[Items from a data source]
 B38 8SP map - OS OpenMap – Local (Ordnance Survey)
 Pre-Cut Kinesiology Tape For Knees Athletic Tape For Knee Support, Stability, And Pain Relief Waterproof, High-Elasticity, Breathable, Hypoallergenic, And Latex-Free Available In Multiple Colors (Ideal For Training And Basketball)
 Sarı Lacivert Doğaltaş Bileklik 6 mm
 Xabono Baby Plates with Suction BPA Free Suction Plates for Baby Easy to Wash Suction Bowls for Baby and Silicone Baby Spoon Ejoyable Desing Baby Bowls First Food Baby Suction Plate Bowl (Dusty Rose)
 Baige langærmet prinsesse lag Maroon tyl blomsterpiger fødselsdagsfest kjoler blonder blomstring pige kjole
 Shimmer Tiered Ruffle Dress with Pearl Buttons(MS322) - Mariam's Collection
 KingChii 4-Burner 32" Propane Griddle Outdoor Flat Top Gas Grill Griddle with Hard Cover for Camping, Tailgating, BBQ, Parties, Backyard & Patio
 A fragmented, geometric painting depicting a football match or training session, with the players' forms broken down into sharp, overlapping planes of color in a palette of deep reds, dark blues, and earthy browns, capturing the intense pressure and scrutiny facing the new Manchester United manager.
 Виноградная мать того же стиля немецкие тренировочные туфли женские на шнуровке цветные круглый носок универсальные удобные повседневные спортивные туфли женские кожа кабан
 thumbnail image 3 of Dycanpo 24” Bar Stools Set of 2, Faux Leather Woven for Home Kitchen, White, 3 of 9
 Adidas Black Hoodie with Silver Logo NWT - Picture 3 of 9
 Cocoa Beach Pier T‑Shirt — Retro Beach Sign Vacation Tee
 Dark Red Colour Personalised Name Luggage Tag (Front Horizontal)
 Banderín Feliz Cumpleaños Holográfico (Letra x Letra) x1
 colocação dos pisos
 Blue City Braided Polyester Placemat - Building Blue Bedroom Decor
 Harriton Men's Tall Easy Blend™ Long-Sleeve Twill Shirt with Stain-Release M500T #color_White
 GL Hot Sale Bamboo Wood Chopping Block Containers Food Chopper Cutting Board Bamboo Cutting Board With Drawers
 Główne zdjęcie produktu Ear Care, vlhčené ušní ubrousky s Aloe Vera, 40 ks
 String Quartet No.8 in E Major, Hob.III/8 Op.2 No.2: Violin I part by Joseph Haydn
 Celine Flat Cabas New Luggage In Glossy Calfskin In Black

WHAT THE TASK REQUIRES => Transcribe exactly, and only, the lines from the one with "Banderín Feliz Cumpleaños" through the last line of the data.

SOLUTION TO THE EXERCISE =>
 Banderín Feliz Cumpleaños Holográfico (Letra x Letra) x1
 colocação dos pisos
 Blue City Braided Polyester Placemat - Building Blue Bedroom Decor
 Harriton Men's Tall Easy Blend™ Long-Sleeve Twill Shirt with Stain-Release M500T #color_White
 GL Hot Sale Bamboo Wood Chopping Block Containers Food Chopper Cutting Board Bamboo Cutting Board With Drawers
 Główne zdjęcie produktu Ear Care, vlhčené ušní ubrousky s Aloe Vera, 40 ks
 String Quartet No.8 in E Major, Hob.III/8 Op.2 No.2: Violin I part by Joseph Haydn
 Celine Flat Cabas New Luggage In Glossy Calfskin In Black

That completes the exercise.